I recently asked an IP attorney how people get startups off the ground when the idea can't possibly pay for itself in the idea phase.
Her answer? Go get a job at McDonald's. She didn't actually mean to get a job at McDonalds - what she meant is, find other income that won't cut into your personal expenses to fund the idea to execute it properly.
If there isn't money to pay a coder, there's probably also not money to pay your IP lawyer - and how will you get a patent without an IP lawyer? Even LegalZoom charges you to do an application.
The main reason startups fail is that they burn through all their cash faster than they thought they would, or are undercapitalized in the first place.
It's very enticing (and quite maddening) to have an idea that you just "know" is going to be a success but not have the money to pay professionals to do it for you. But, that's exactly what must be done - pay professionals.
Or, take a free course online from Stanford or MIT on how to use Swift (the iPhone coding language) - or take the gaming classes on Udemy and hope for the best.

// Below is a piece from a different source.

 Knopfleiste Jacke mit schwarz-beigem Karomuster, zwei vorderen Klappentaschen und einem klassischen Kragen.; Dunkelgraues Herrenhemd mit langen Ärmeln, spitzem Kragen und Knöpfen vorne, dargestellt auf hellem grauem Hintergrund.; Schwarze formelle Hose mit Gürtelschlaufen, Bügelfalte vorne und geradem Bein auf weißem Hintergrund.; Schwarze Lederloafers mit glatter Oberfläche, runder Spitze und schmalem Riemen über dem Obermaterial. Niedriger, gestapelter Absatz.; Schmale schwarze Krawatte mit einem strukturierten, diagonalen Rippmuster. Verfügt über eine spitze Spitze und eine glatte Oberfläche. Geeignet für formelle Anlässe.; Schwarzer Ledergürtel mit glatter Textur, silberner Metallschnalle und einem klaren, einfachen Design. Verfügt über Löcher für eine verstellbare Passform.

Because, in the final analysis, you're not just coding an app, you're starting a business. A business that will need marketing and copywriting and social media support - and if you come back asking for someone to do that for free, there are plenty of answered questions here from marketing professionals telling you that you can't ask that, either.
Failure to launch isn't just a movie about a guy who won't leave home. It's also an unfortunate scenario for a lot of would-be business owners - one that I hope for your sake that you can avoid.